▸ Exercise
The answer consists solely of the lines running from the one with "Beyaz Likralı Medikal" through the final line below, transcribed exactly and without any pictures.

Brief descriptive captions:
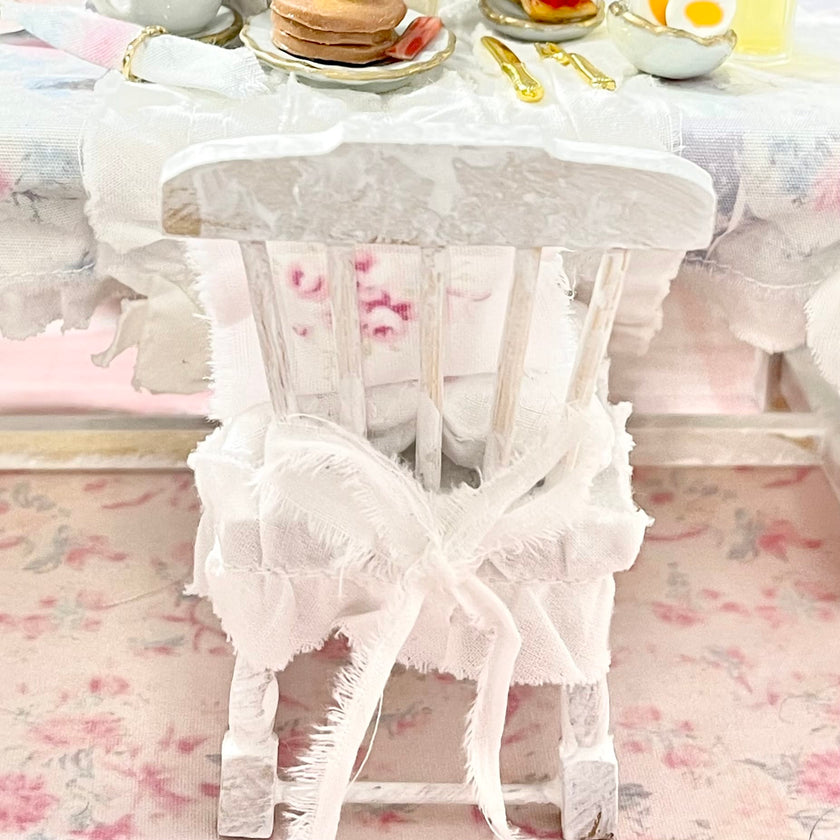 Chantallena Doll House Kitchen set Breakfast Time-Shabby Kitchen Table Set with Accessories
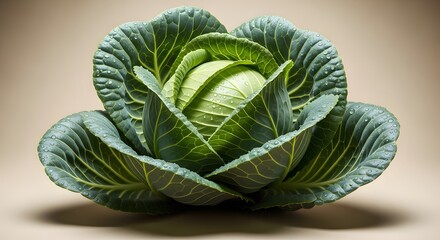 Close up of a fresh green cabbage head with water droplets on its outer leaves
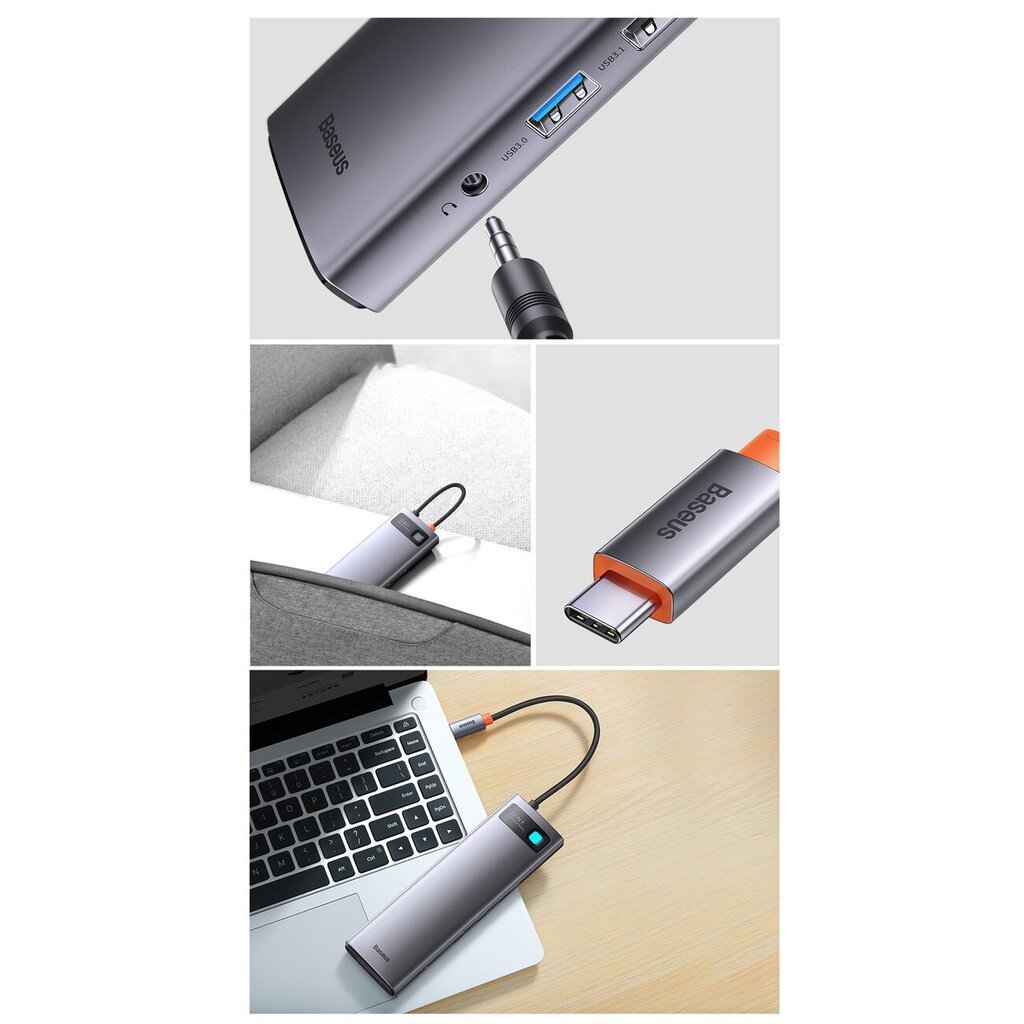 Baseus Metal Gleam multi-functional HUB USB Type C 12in1 HDMI / DP / USB Type C / minijack 3.5mm / RJ45 / SD (WKWG020213) цена и информация | USB jagajad, adapterid | kaup24.ee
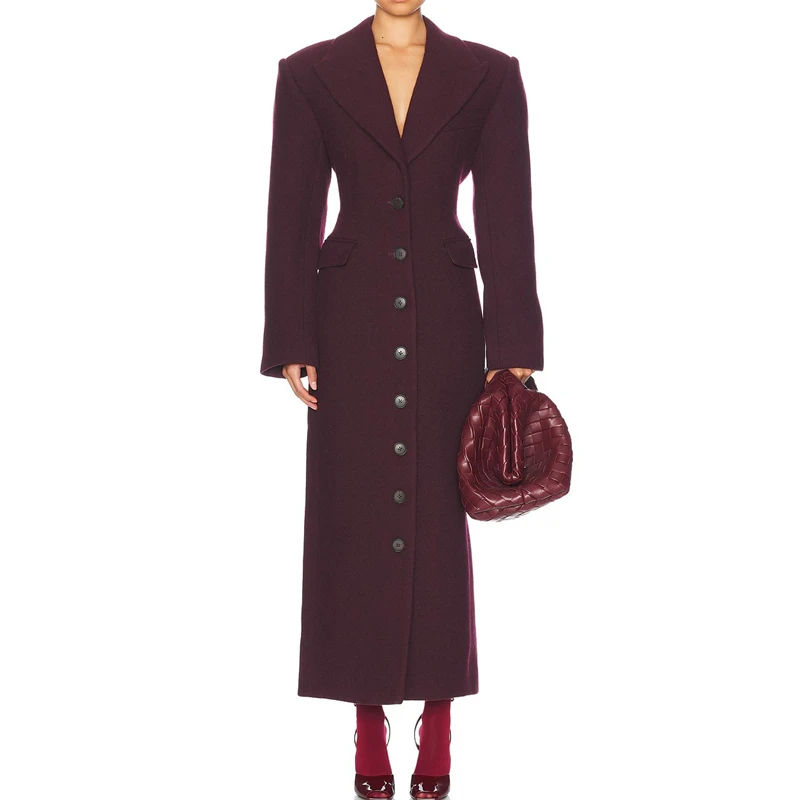 kf-Sc33fc5f4fa9b4c3b9ed5427db70c2acce Women's Autumn WinterNew Style Y2K Shoulder PadLong WoolCoat Turn-downCollar Single Button High Quality Fashionable Tweed Jacket - Image 1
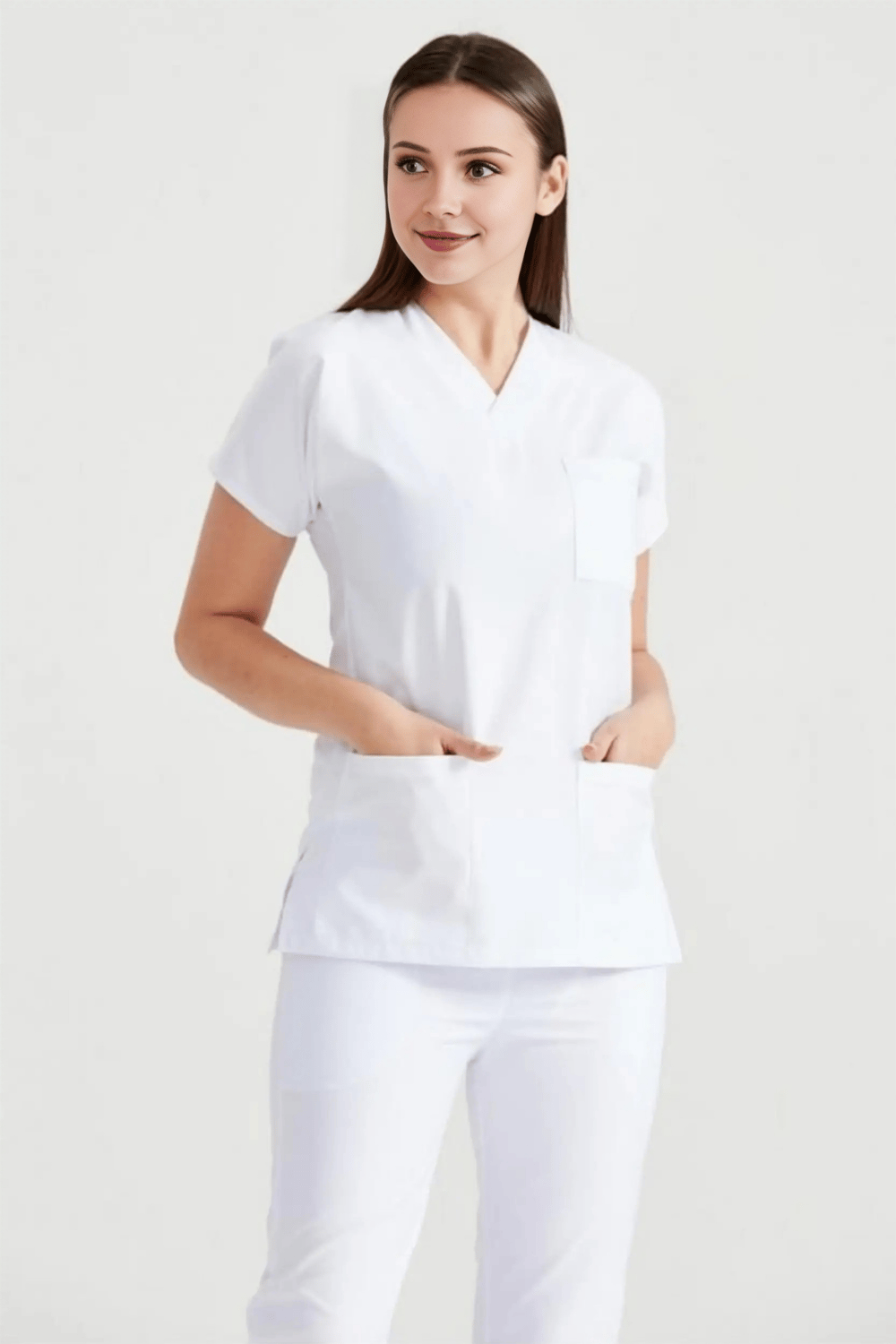 Beyaz Likralı Medikal Doktor Hemşire Kadın/Erkek Unisex Scrubs Yaka Forma Takım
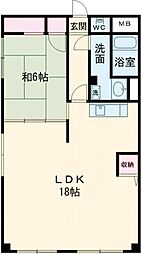 メゾン・ド・アルカシェール 1LDKの間取図画像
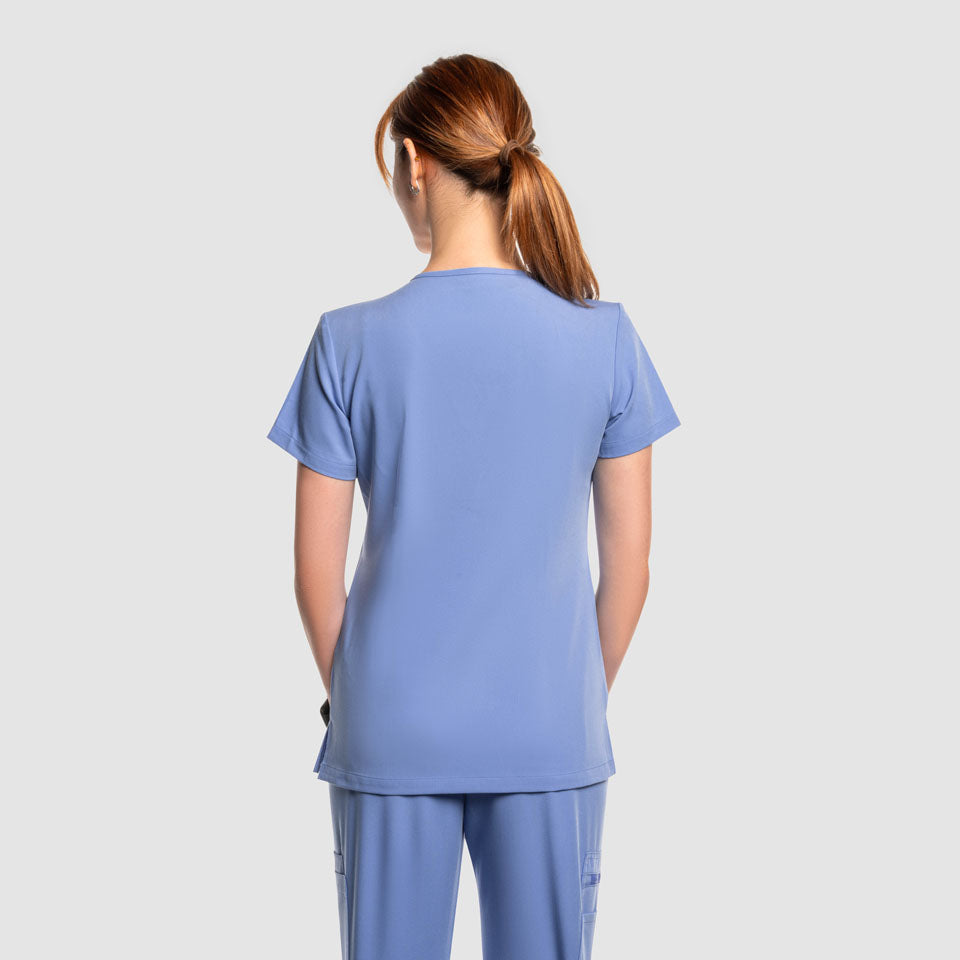 One Pocket Scrub Top Ceil Blue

▸ Result
 Beyaz Likralı Medikal Doktor Hemşire Kadın/Erkek Unisex Scrubs Yaka Forma Takım
 メゾン・ド・アルカシェール 1LDKの間取図画像
 One Pocket Scrub Top Ceil Blue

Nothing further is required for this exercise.